OK, perhaps a slightly faster implementation might be to replace the multiplication by a shift left. And definitely drop the exponentiation if you can. I suspect this is the real cause for the long processing time.
Er... you have a Little Endian representation in the "byte array", haven't you? Big Endian is easier to process. OK, here I go:
use Math::BigInt;
print bytearray_to_bigint(127,2);
use Data::Dumper;
sub bytearray_to_bigint {
my @array = reverse @_; #Big Endian
my $result = Math::BigInt->new('0');
foreach my $a (@array) {
($result <<= 8) += $a;
# This alternative doesn't work:
# $result = $result->blsft(8)->badd($a);
}
return $result;
}
To be honest, I'd rather have replaced the overloaded operators with explicit calls to blsft and badd, but for some reason unknown to me these appear to return simple strings, not Math::BigInt objects, as I gather from the docs they should. (BTW I'm using 0.01, as it comes with perl 5.6.1.) Oh well. I hope this is a decent starting point anyway.

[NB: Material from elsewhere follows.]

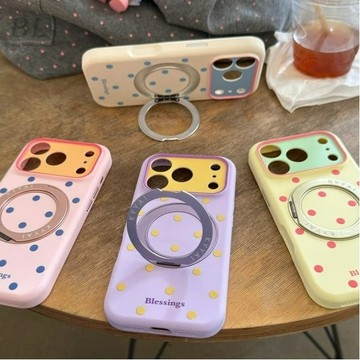 液態硅膠波點360支架防摔 適用iPhone 17 16 15 14 Pro Max i15 i16 17Pro 手機殼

Update: I have the impression that Math::BigInt is a Pure Perl implementation by default. Ugh! If you use it with one of the XS "driver" libraries, you might get a real speed boost. See the section on "MATH LIBRARY" in the new docs. Math::BigInt::BitVect+Bit::Vector and Math::BigInt::FastCalc look like the most promising candidates to me. You might have to download an update to Math::BigInt to make use of it. They are available for Windows, Perl 5.6.x at the 5.6plus repository. Ooh, "Math::BigIntFast" looks nice, too, even though I can't find a trace of it on CPAN. Odd.
Update: It suddenly dawned on me that it's easy to get up to a factor 4 of speedup, by unpacking your byte stream into long integers (unsigned 32 bits) instead of in bytes. That way, you can construct your bigint in 4 bytes per step, instead of just 1 byte for each loop.
Unpacking a string to longs, on a PC (Little Endioan), can be done using:
@ulongs = unpack 'V*', $bytestring;
Of course, that means that you need to shift left by 32 bits, instead of by 8, per step. | [reply]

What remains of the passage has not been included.